Nobody likes waiting in lines. According to research, people spend from 3 to 5 days per year queuing up. That might add up to 6 months of waiting for things during a person’s lifetime!
Long queues at the supermarket cause shopper fatigue, decrease customer experience and result in shopping cart abandonment.
Although retailers turned so many business processes into exact science, queue management remains a mystery. Just ask a store manager what is the average number of items scanned by cashier per minute and you will get a precise number. Ask the manager how much time customers wait in line during peak hours on weekdays or what is the average size of the queue – and you will get a puzzled look in return.
Introducing Computer Vision Powered Queue Management Platform
Time to checkout is fundamental in optimizing retail store performance, as it affects so many performance indicators. Token based queue management platforms can help quantify the wait times and customer numbers. However, they are ineffective in retail environments such as line management in grocery stores and supermarkets. These crowded retail environments require a different approach.
Enter the world of computer vision powered queue management software. Computer vision turns video footage into actionable business analytics. The platform uses video surveillance cameras already installed at the checkout location and requires no extra hardware investment, as usually the checkout area is well surveyed.
The platform uses AI and machine learning algorithms to track individual customers until they checkout, identifying their wait time as well as the size of the queue at any given time. It can also identify cart abandonment actions, giving an exact estimate of revenue lost due to long lines.
The smart queue management platform brings numerous benefits for retailers.
1. Improve retail performance analytics
Video analytics driven queue management platform will help to estimate time-to-checkout at any given time. The platform will automatically calculate the wait during peak hours, identify service bottlenecks when customer wait is the longest. It will help to establish a baseline for normal checkout operations. Store manager can filter these results by time of day or day of the week, holiday periods, or filter events by the wait time (e.g. show all events when customer wait was longer than 5 minutes). It helps to identify outlier events and analyze them with corresponding video footage. By combining queue size with sales data, conclusions can be made on revenue lost due to long wait times.

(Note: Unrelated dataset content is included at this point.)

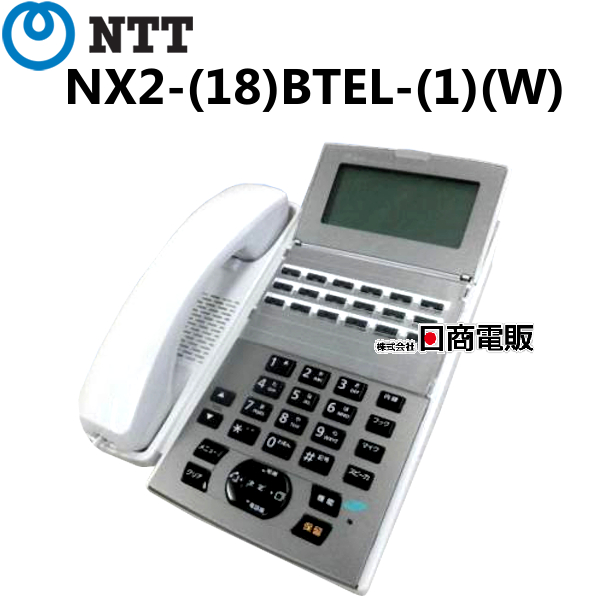 楽天市場】 NTT > NX2 > 電話機 : 日商電販 楽天市場店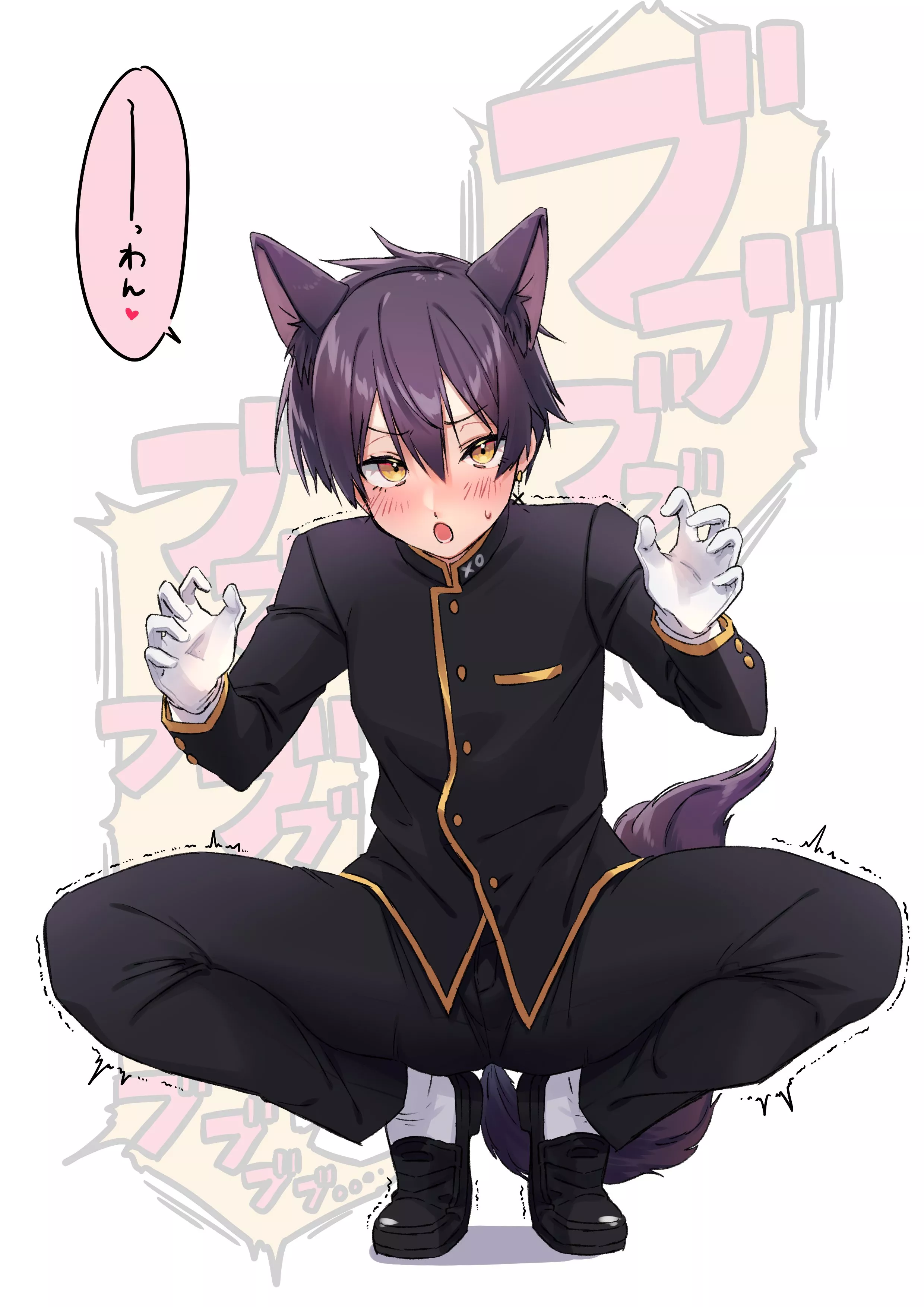 Obedient catboy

2.Accurately identify shopping cart abandonment
Using video analytics, the queue management platform can accurately identify shopping cart abandonment actions. The data can be correlated with average wait time and queue size (e.g. if wait time is longer than 5 minutes, 10 carts will be abandoned per hour). By adding sales data to the mix, the value of revenue lost can be estimated.
3.Improve employee shift scheduling
Cart abandonment numbers and longest wait to check-out analytics will provide insights on employee shift planning. Maybe your retail store does not follow a simple pattern of peak hours. Perhaps a sell-out campaign resulted in increase of customer influx. Or maybe too many checkout counters are open when few customers are present. AI queue management software will help to align your employee resources with the customer flow.
4.Improve customer experience
Customer service standards look great on paper. But to ensure they are followed to the letter in the real world is a different matter. By improving employee resource planning and ensuring a quick checkout will result in better customer experience. Less time waiting for things – more time to enjoy them!